BEGIN
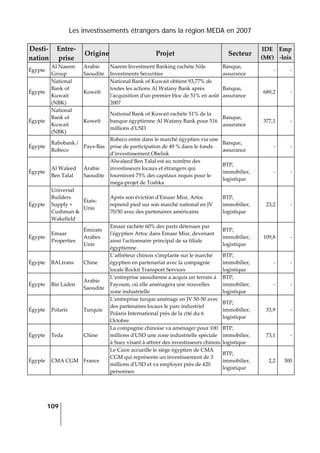 Les investissements étrangers dans la région MEDA en 2007
109
 
Desti‐
nation 
Entre‐
prise 
Origine Projet  Secteur 
IDE 
(M€) 
Emp
‐lois 
Égypte 
Al Naeem 
Group 
Arabie 
Saoudite 
Naeem Investment Banking rachète Nile 
Investments Securities 
Banque, 
assurance 
‐ ‐
Égypte 
National 
Bank of 
Kuwait 
(NBK) 
Koweït 
National Bank of Kuwait obtient 93,77% de 
toutes les actions Al Watany Bank après 
lʹacquisition dʹun premier bloc de 51% en août 
2007 
Banque, 
assurance 
689,2 ‐
Égypte 
National 
Bank of 
Kuwait 
(NBK) 
Koweït 
National Bank of Kuwait rachète 51% de la 
banque égyptienne Al Watany Bank pour 516 
millions dʹUSD 
Banque, 
assurance 
377,1 ‐
Égypte 
Rabobank / 
Robeco 
Pays‐Bas 
Robeco entre dans le marché égyptien via une 
prise de participation de 49 % dans le fonds 
d’investissement Obelisk 
Banque, 
assurance 
‐ ‐
Égypte 
Al Waleed 
Ben Talal 
Arabie 
Saoudite 
Alwaleed Ben Talal est au nombre des 
investisseurs locaux et étrangers qui 
fourniront 75% des capitaux requis pour le 
méga‐projet de Toshka 
BTP, 
immobilier, 
logistique 
‐ ‐
Égypte 
Universal 
Builders 
Supply + 
Cushman & 
Wakefield 
États‐
Unis 
Après son éviction dʹEmaar Misr, Artoc 
reprend pied sur son marché national en JV 
70/30 avec des partenaires américains 
BTP, 
immobilier, 
logistique 
23,2 ‐
Égypte 
Emaar 
Properties 
Émirats 
Arabes 
Unis 
Emaar rachète 60% des parts détenues par 
lʹégyptien Artoc dans Emaar Misr, devenant 
ainsi lʹactionnaire principal de sa filiale 
égyptienne 
BTP, 
immobilier, 
logistique 
109,8 ‐
Égypte  BALtrans  Chine 
L’affréteur chinois sʹimplante sur le marché 
égyptien en partenariat avec la compagnie 
locale Rockit Transport Services 
BTP, 
immobilier, 
logistique 
‐ ‐
Égypte  Bin Laden 
Arabie 
Saoudite 
L’entreprise saoudienne a acquis un terrain à 
Fayoum, où elle aménagera une nouvelles 
zone industrielle 
BTP, 
immobilier, 
logistique 
‐ ‐
Égypte  Polaris  Turquie 
L’entreprise turque aménage en JV 50‐50 avec 
des partenaires locaux le parc industriel 
Polaris International près de la cité du 6 
Octobre 
BTP, 
immobilier, 
logistique 
33,9 ‐
Égypte  Teda  Chine 
La compagnie chinoise va aménager pour 100 
millions dʹUSD une zone industrielle spéciale 
à Suez visant à attirer des investisseurs chinois
BTP, 
immobilier, 
logistique 
73,1 ‐
Égypte  CMA CGM  France 
Le Caire accueille le siège égyptien de CMA 
CGM qui représente un investissement de 3 
millions dʹUSD et va employer près de 420 
personnes 
BTP, 
immobilier, 
logistique 
2,2 300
END
▸ YOUR OBJECTIVE
Beginning with the line containing "fourniront 75%" in the material above, copy every line exactly until you have copied the line containing "L’entreprise s".

▸ EXERCISE RESULT
fourniront 75% des capitaux requis pour le 
méga‐projet de Toshka 
BTP, 
immobilier, 
logistique 
‐ ‐
Égypte 
Universal 
Builders 
Supply + 
Cushman & 
Wakefield 
États‐
Unis 
Après son éviction dʹEmaar Misr, Artoc 
reprend pied sur son marché national en JV 
70/30 avec des partenaires américains 
BTP, 
immobilier, 
logistique 
23,2 ‐
Égypte 
Emaar 
Properties 
Émirats 
Arabes 
Unis 
Emaar rachète 60% des parts détenues par 
lʹégyptien Artoc dans Emaar Misr, devenant 
ainsi lʹactionnaire principal de sa filiale 
égyptienne 
BTP, 
immobilier, 
logistique 
109,8 ‐
Égypte  BALtrans  Chine 
L’affréteur chinois sʹimplante sur le marché 
égyptien en partenariat avec la compagnie 
locale Rockit Transport Services 
BTP, 
immobilier, 
logistique 
‐ ‐
Égypte  Bin Laden 
Arabie 
Saoudite 
L’entreprise saoudienne a acquis un terrain à 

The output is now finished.